Desde primera hora de la mañana hasta bien entrada la noche se sirven los alimentos en esta improvisada ciudad, que va creciendo poco a poco. Por ejemplo, lo que empezó como un área de difusión con una mesa con unos cuantos ordenadores se ha ampliado ya a una sección de informática, otra de traductores, de documentación, de sonido, de comunicación a prensa... Y en este proceso de diversificación y especialización se ha llegado a un sistema tan burocratizado en el que nadie tiene muy claro las conclusiones de la asamblea del día anterior.

"Tenemos que aprender a vivir juntos, a trabajar juntos. A la asamblea viene gente que quiere hacer política y aquí vive gente que cree en un sueño", opina el joven apodado El Pájaro.

Mientras el campamento se consolida pese a la zozobra del lunes postelectoral, crece en infraestructuras o mobiliario a la vez que se van sumando secciones como guardería, empiezan a escucharse también voces contrarias y hay jóvenes que ya se quejan en la red: "Creo que la ilusión está matando a la propia movilización. El experimento de comuna ha borrado la reclamación inicial, que debe ser la que prevalezca, ya que fue ésa la aglutinó a la diversidad de personas que se echó a la calle y es la que se está perdiendo en el limbo de solicitudes y propuestas", se quejaba Javier Luna en su blog, que era colgado por Alberto Ainur en el Facebook de la acampada de Granada.

En la asamblea de la noche anterior los miles de participantes no se mostraban tan unidos como al principio y había disparidad de opiniones sobre si la acampada debía mantenerse sólo en Plaza del Carmen, disgregarse por los barrios de Granada, aguantar allí por tiempo indefinido o fijar un fecha como tope para aguantar a las puertas del Ayuntamiento. Salvo en el lenguaje gestual, cada uno de los participantes parecía aportar una idea distinta o la misma con un matiz diferente.
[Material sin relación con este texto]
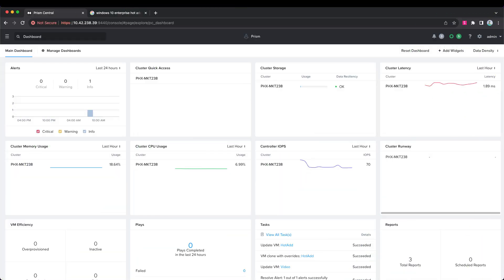Hi, my name is Brian. I'm with Nutanix, part of the tech marketing team. In this video, I'm going to show you how to hot add memory to a VM in AHV. Let's get started. I've already logged into Prism Central here.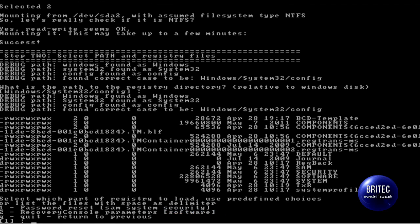And then I want to go password reset. So I want to do number 1.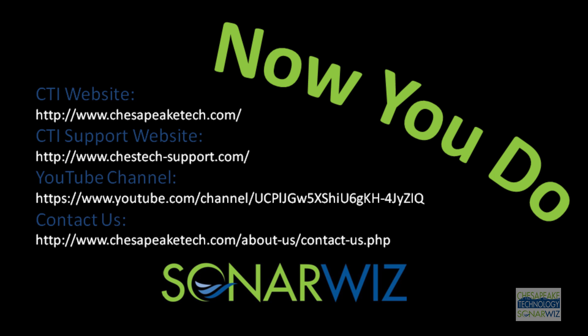Again, this has been John Gann from Chesapeake Technology, and thank you for watching, and if you'd like some more information about any of our products, please visit ChesapeakeTech.com.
Y a todo esto, el alcalde ha cambiado su discurso sobre la protesta, porque si antes aseguraba que su disolución era competencia de la Subdelegación del Gobierno y que por tanto su brazo ejecutor tenía que se la Policía Nacional, la Cadena Ser anunciaba ayer que el regidor empezaba a ver el campamento como un foco de problemas de salubridad.

En paralelo a esa concentración de cientos de jóvenes durante la noche o durante la mañana, e incluso miles de jóvenes y no tan jóvenes a la hora cumbre, durante la asamblea de las ocho de la tarde aumentan también los mensajes de ánimo que llegan a través de redes sociales, una manifestación de que empieza a flaquear la moral entre algunas secciones de este ejército de anónimos indignados.